### Data for processing
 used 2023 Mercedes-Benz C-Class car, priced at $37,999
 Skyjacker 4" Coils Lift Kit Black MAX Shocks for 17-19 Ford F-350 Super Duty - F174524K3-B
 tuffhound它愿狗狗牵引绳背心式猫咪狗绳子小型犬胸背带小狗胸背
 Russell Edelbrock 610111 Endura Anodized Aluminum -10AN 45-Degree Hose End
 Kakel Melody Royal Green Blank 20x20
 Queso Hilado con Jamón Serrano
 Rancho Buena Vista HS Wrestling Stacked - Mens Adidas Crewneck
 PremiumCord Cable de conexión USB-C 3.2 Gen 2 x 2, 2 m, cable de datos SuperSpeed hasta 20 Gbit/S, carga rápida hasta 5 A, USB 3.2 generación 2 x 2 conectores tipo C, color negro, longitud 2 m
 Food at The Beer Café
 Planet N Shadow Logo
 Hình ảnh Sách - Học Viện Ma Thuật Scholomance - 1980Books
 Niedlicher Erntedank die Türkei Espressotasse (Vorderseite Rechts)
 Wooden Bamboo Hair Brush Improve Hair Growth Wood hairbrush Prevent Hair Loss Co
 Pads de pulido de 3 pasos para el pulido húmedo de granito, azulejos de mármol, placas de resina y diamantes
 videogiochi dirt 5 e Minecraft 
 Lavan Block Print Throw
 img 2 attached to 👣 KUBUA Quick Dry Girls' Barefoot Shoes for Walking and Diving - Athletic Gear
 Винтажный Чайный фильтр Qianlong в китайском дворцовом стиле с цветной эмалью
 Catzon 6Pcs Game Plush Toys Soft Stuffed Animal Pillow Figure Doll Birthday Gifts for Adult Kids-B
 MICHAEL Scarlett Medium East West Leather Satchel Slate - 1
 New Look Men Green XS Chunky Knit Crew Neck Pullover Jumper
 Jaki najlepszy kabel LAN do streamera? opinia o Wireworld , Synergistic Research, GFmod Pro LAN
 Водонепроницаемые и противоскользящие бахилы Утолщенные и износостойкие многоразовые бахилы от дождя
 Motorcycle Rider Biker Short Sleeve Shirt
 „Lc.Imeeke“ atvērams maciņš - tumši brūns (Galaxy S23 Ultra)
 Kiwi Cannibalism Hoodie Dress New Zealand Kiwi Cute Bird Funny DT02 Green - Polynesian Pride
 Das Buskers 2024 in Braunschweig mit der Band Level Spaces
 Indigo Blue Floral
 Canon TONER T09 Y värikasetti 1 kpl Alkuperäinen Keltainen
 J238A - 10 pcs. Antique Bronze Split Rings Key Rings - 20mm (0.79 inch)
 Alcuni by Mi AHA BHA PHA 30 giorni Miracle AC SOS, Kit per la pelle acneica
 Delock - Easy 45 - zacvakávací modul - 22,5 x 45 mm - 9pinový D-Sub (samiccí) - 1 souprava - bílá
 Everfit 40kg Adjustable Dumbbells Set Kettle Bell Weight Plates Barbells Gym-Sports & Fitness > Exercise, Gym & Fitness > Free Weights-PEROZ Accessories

### Exercise goal
Reproduce the material in full. Keep it identical to the original.

### Task result
 used 2023 Mercedes-Benz C-Class car, priced at $37,999
 Skyjacker 4" Coils Lift Kit Black MAX Shocks for 17-19 Ford F-350 Super Duty - F174524K3-B
 tuffhound它愿狗狗牵引绳背心式猫咪狗绳子小型犬胸背带小狗胸背
 Russell Edelbrock 610111 Endura Anodized Aluminum -10AN 45-Degree Hose End
 Kakel Melody Royal Green Blank 20x20
 Queso Hilado con Jamón Serrano
 Rancho Buena Vista HS Wrestling Stacked - Mens Adidas Crewneck
 PremiumCord Cable de conexión USB-C 3.2 Gen 2 x 2, 2 m, cable de datos SuperSpeed hasta 20 Gbit/S, carga rápida hasta 5 A, USB 3.2 generación 2 x 2 conectores tipo C, color negro, longitud 2 m
 Food at The Beer Café
 Planet N Shadow Logo
 Hình ảnh Sách - Học Viện Ma Thuật Scholomance - 1980Books
 Niedlicher Erntedank die Türkei Espressotasse (Vorderseite Rechts)
 Wooden Bamboo Hair Brush Improve Hair Growth Wood hairbrush Prevent Hair Loss Co
 Pads de pulido de 3 pasos para el pulido húmedo de granito, azulejos de mármol, placas de resina y diamantes
 videogiochi dirt 5 e Minecraft 
 Lavan Block Print Throw
 img 2 attached to 👣 KUBUA Quick Dry Girls' Barefoot Shoes for Walking and Diving - Athletic Gear
 Винтажный Чайный фильтр Qianlong в китайском дворцовом стиле с цветной эмалью
 Catzon 6Pcs Game Plush Toys Soft Stuffed Animal Pillow Figure Doll Birthday Gifts for Adult Kids-B
 MICHAEL Scarlett Medium East West Leather Satchel Slate - 1
 New Look Men Green XS Chunky Knit Crew Neck Pullover Jumper
 Jaki najlepszy kabel LAN do streamera? opinia o Wireworld , Synergistic Research, GFmod Pro LAN
 Водонепроницаемые и противоскользящие бахилы Утолщенные и износостойкие многоразовые бахилы от дождя
 Motorcycle Rider Biker Short Sleeve Shirt
 „Lc.Imeeke“ atvērams maciņš - tumši brūns (Galaxy S23 Ultra)
 Kiwi Cannibalism Hoodie Dress New Zealand Kiwi Cute Bird Funny DT02 Green - Polynesian Pride
 Das Buskers 2024 in Braunschweig mit der Band Level Spaces
 Indigo Blue Floral
 Canon TONER T09 Y värikasetti 1 kpl Alkuperäinen Keltainen
 J238A - 10 pcs. Antique Bronze Split Rings Key Rings - 20mm (0.79 inch)
 Alcuni by Mi AHA BHA PHA 30 giorni Miracle AC SOS, Kit per la pelle acneica
 Delock - Easy 45 - zacvakávací modul - 22,5 x 45 mm - 9pinový D-Sub (samiccí) - 1 souprava - bílá
 Everfit 40kg Adjustable Dumbbells Set Kettle Bell Weight Plates Barbells Gym-Sports & Fitness > Exercise, Gym & Fitness > Free Weights-PEROZ Accessories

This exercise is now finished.